Penertiban K3 (kebersihan, ketertiban, dan keindahan) pun sebaiknya bersifat antisipatif, bukan sanksi, yakni kesadaran dari semua pihak (masyarakat dan aparat) untuk mewujudkan K3 bagi semboyan ‘Bandung Bermartabat’ dengan etos kerja ‘Bandung Juara’.
Kata kuncinya: ‘kompak’. Aparat menata, masyarakat menaati. Jalan pintasnya adalah aparat memberi teladan yang baik. Terlalu sering dan sudah lama masyarakat menyaksikan aparat dengan pelanggar kongkalikong. Contoh masyhurnya, ‘pasar tumpah’.
Seiring kemajuan produk iptek, penataan lebih rapi-praktis dapat didukung misalnya dengan pengadaan sarana CCTV dan tentu mudah diakses masyarakat. Nanti bakal ketahuan: siapa sih pelanggar K3 itu. Kita pun senang dengan agenda penataan reklame yang berbasis teknologi, sehingga mempercantik kota.
Memperingati hari jadi Kota Bandung ke-206 tahun ini, Pemkot Bandung mengadakan ‘Bandung Great Sale’ (BGS) mulai 10 September hingga 9 Oktober 2016, yakni pesta diskon, menurut Ridwan Kamil, dari mal besar sampai tukang cuanki, dari pelayanan rumah sakit sampai biaya pijat dapat diskon.
Para pedagang yang berpartisipasi dalam BGS diberikan stiker khusus. Dengan begitu memudahkan pembeli mengetahui penjual yang memberi diskon untuk dagangannya.
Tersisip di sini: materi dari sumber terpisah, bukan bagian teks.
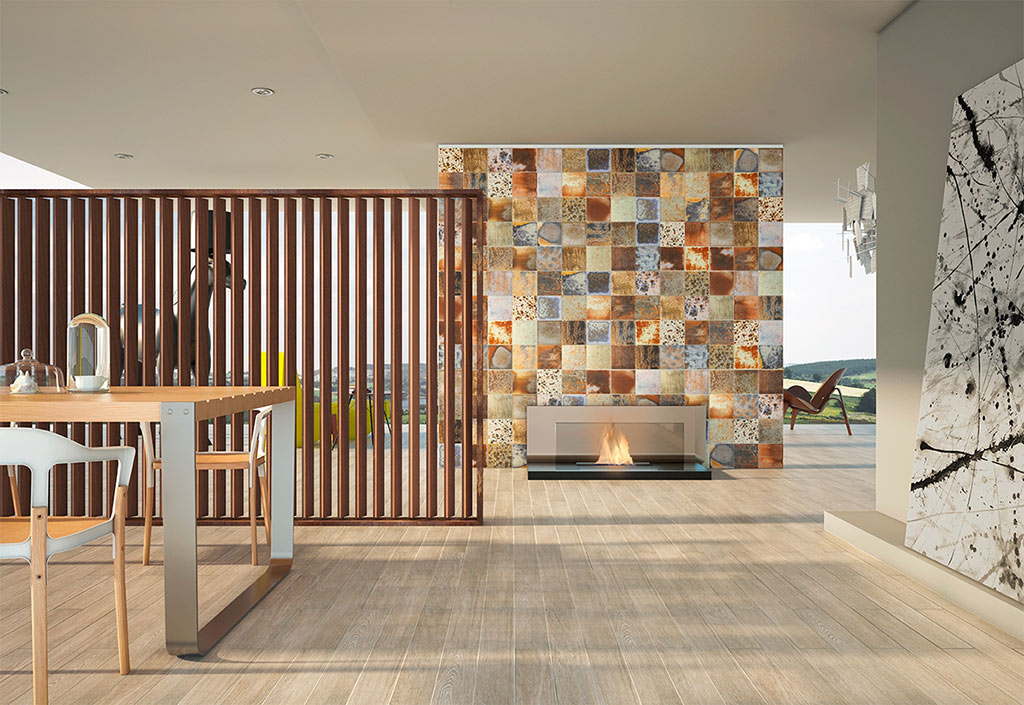 Recer True Falburkolat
Tujuannya, ekonomi bergerak karena semua orang senang diskon; juga dalam rangka mendukung Jabar sebagai tuan rumah PON, tentu banyak tamu dari seluruh Indonesia yang datang.
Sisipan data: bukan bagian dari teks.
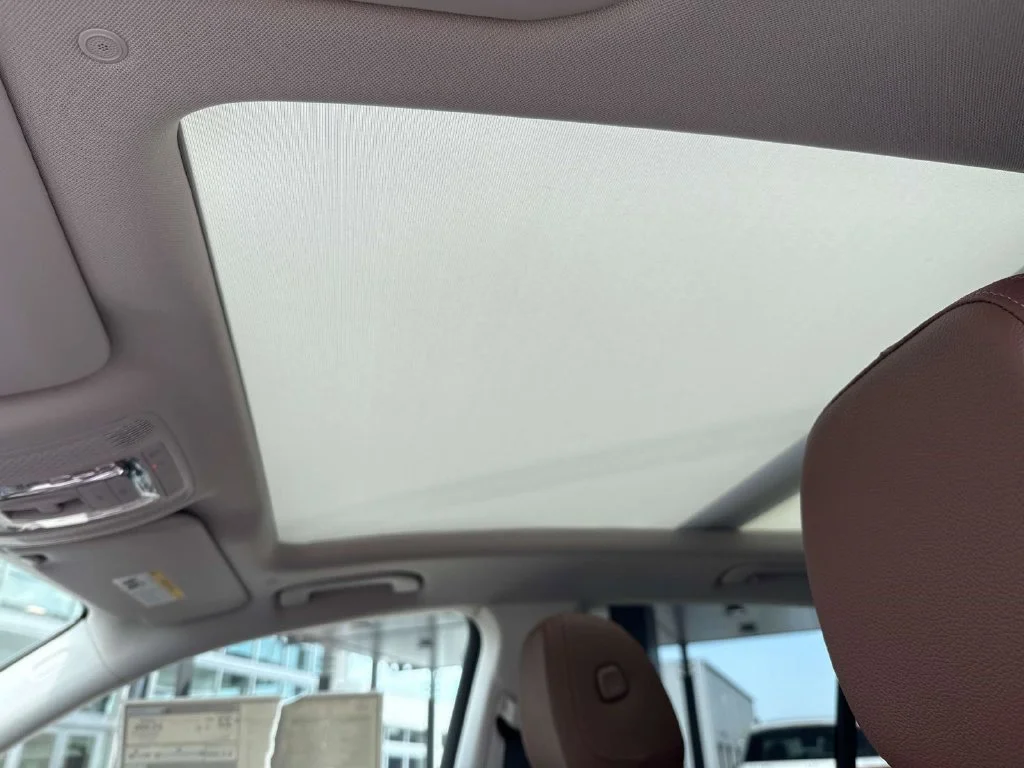 Certified Used 2025 Silver Mercedes-Benz GLE 350 image 9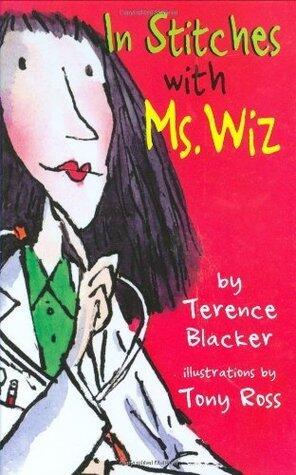 In Stitches With Ms Wiz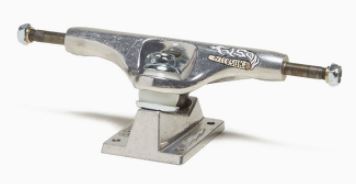 Thunder Tyson Peterson Stamped Polished Trucks 148 (Set of 2)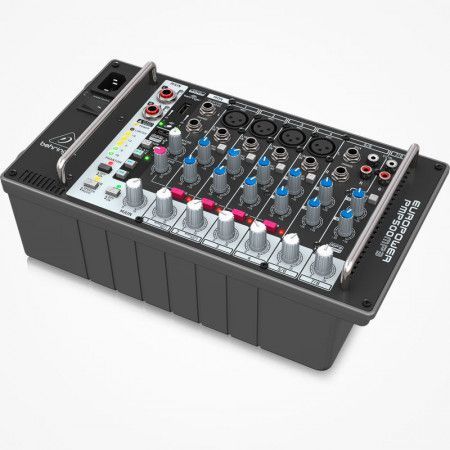 Behringer PMP500MP3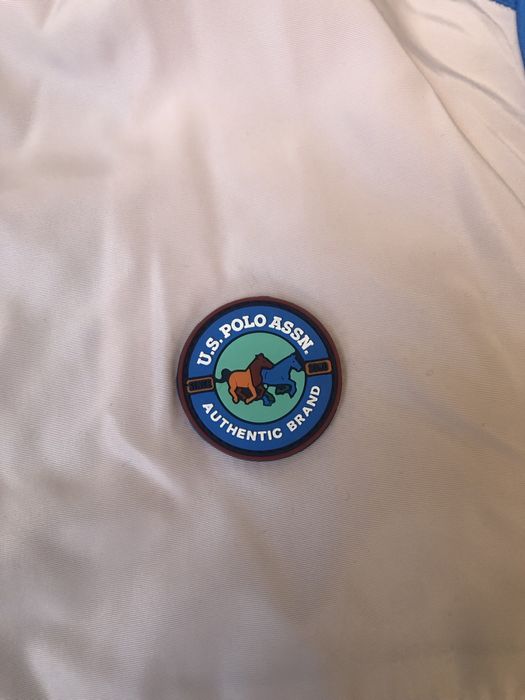 Детско преходно яке U.S.Polo Assn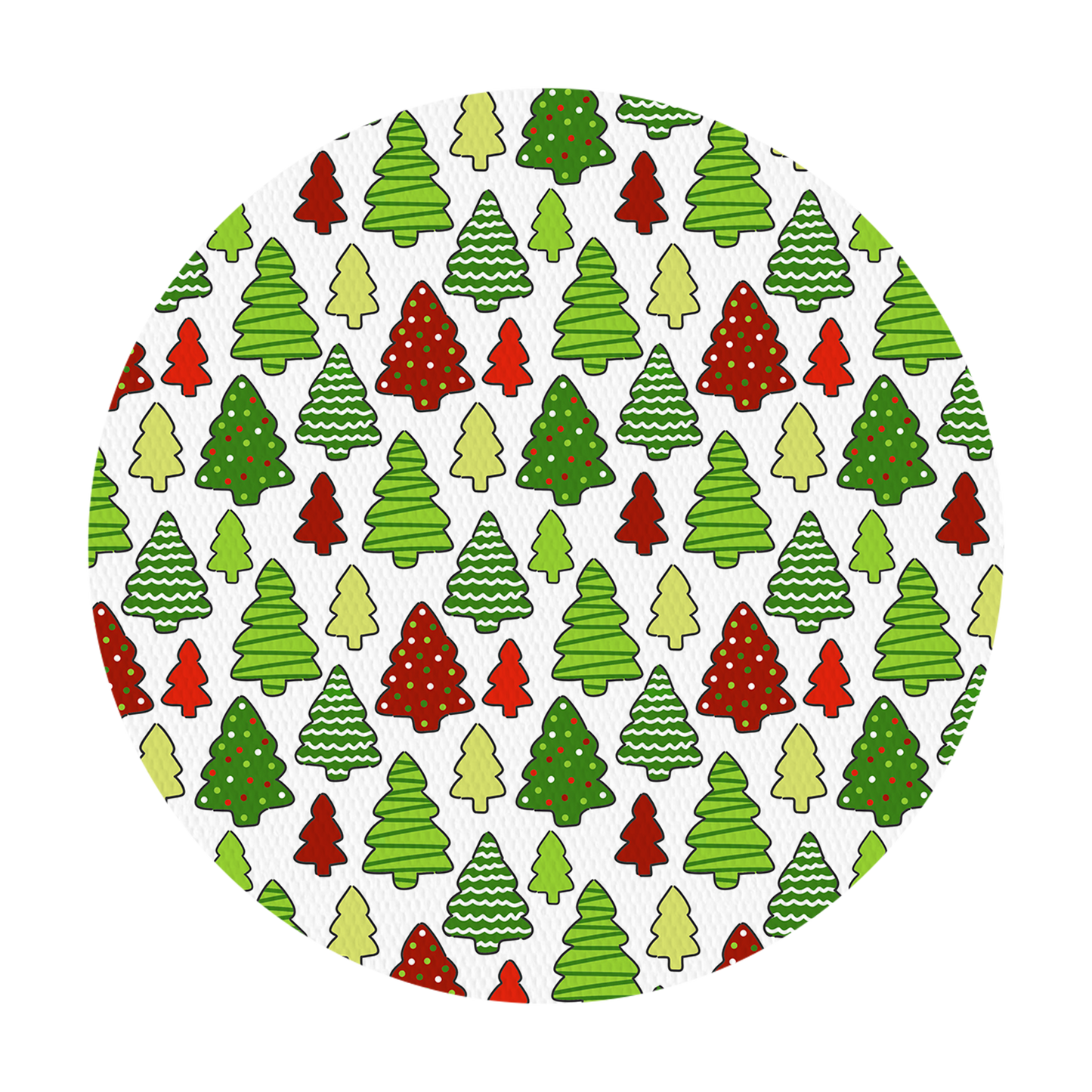 Christmas Patches - Suits all devices! 5 Pack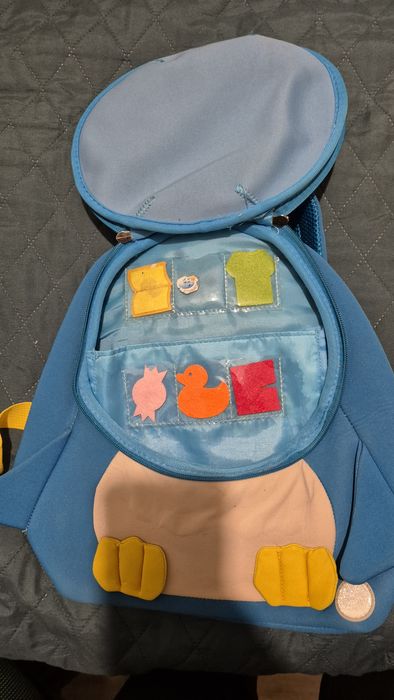 Продам дитячий рюкзак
Adapun PON XIX 2016 Jabar diselenggarakan pada 17-29 September 2016, kemudian Peparnas XV 2016 Jabar pada 15-24 Oktober 2016.
Selain itu, ‘Bandros’ (Bandung Tour on the Bus), bus tingkat di Kota Bandung akan beroperasi kembali, sehingga BGS dan PON menjadi ajang promosi Kota Bandung.
Gemericik Air
Memperhatikan “Program Pemkot Bandung untuk Pengentasan Kemiskinan dan Ekonomi Kerakyatan” dari skema tulisan tangan Ridwan Kamil itu, terdapat tujuh progam besar, yaitu di bidang: (1) pendidikan, (2) kesehatan, (3) sosial, (4) tata ruang, (5) hunian, (6) modal ekonomi, dan (7) ketahanan pangan.
Di sini, penulis sekadar mengingatkan pada sebait lagu kebangsaan Indonesia Raya, “Bangunlah jiwanya/ Bangunlah badannya”. Kentara jiwanya dulu, baru badannya; orangnya dulu, baru infrastruktur. Bait lagu ini menjadi filosofi program Pemerintah Pusat: “Revolusi Mental”, sehingga uraian dari atas dapat terwujud karena ada teladan dari ‘mental’ aparat.
Memori penulis tidak menginginkan ada air mancur seperti Bundaran HI di Jakarta; tetapi ada air mancur kecil di tengah Alun-alun Bandung kemudian di sekeliling alun-alun dibuat selokan kecil yang mengalir air dan terdengar gemericiknya. Sungguh sebuah oasis dan wah!